Verify Indian GST Numbers at Scale (2026 Guide)

Thirdwatch's GST Verification Scraper returns Indian GSTIN verification data at $0.01 per record — legal name, trade name, registration status, principal business address, state jurisdiction, taxpayer type, signatories. Built for India compliance teams, finance operations, KYB workflows, and vendor due-diligence pipelines.

Why automate GSTIN verification at scale

Indian GST compliance is increasingly automation-dependent. According to GSTN's 2024 compliance report, Input Tax Credit (ITC) mismatches due to invalid supplier GSTINs are the #1 source of GST audit flags — typically costing buyers 2-5% of transaction value in disallowed ITC + penalties. For finance teams managing India-supplier networks above 100 vendors, automated GSTIN verification is mission-critical for compliance.

The job-to-be-done is structured. A finance team verifies 5K-vendor GSTIN status monthly for ITC compliance. A KYB platform offers vendor-onboarding GSTIN verification as a service feature. A procurement function validates new-supplier GSTINs at onboarding (one-time lookup) + monitors active suppliers for status changes (recurring). A B2B SaaS providing India-tax software integrates GSTIN-status checks into invoice workflows. All reduce to GSTIN list + verification batch + status-change alerting.
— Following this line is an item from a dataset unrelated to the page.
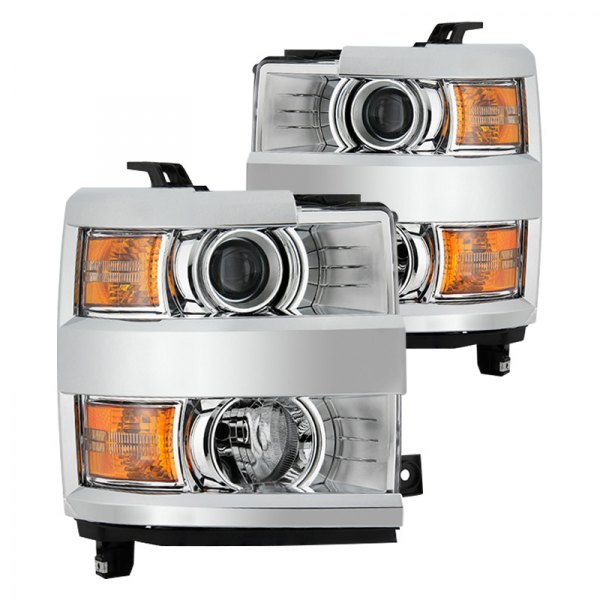 Spyder® - Black/Chrome Factory Style Projector Headlights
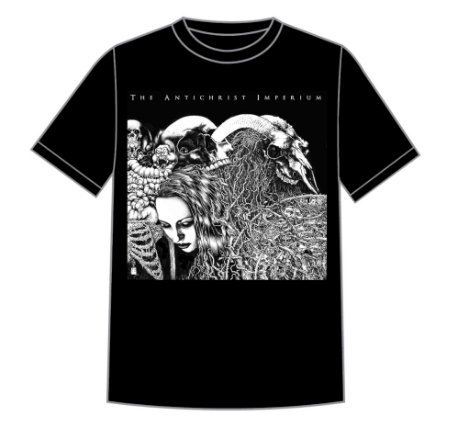 The Antichrist Imperium - The Antichrist Imperium Album Cover Short Sleeved T-shirt - LAST SIZES!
How does this compare to the alternatives?

Three options for GSTIN verification:

Approach Cost per 1,000 GSTINs Reliability Setup time Maintenance
GSTN official API (via GSP) $5K–$50K/year onboarding + per-call Authoritative Weeks (GSP approval) Per-tier license
Manual GSTN portal lookup Effectively unbounded Low (rate-limited) Continuous Doesn't scale
Thirdwatch GST Verification Scraper $10 ($0.01 × 1,000) Production-tested HTTP 5 minutes Thirdwatch tracks GSTN changes

GSTN's official API requires GSP/ASP partnership onboarding. The GST Verification Scraper actor page gives you raw verification data at the lowest unit cost.

How to verify GSTINs in 4 steps

Step 1: How do I authenticate against Apify?

Sign in at apify.com (free tier, no credit card), open Settings → Integrations, and copy your personal API token:

export APIFY_TOKEN="apify_api_xxxxxxxxxxxxxxxx"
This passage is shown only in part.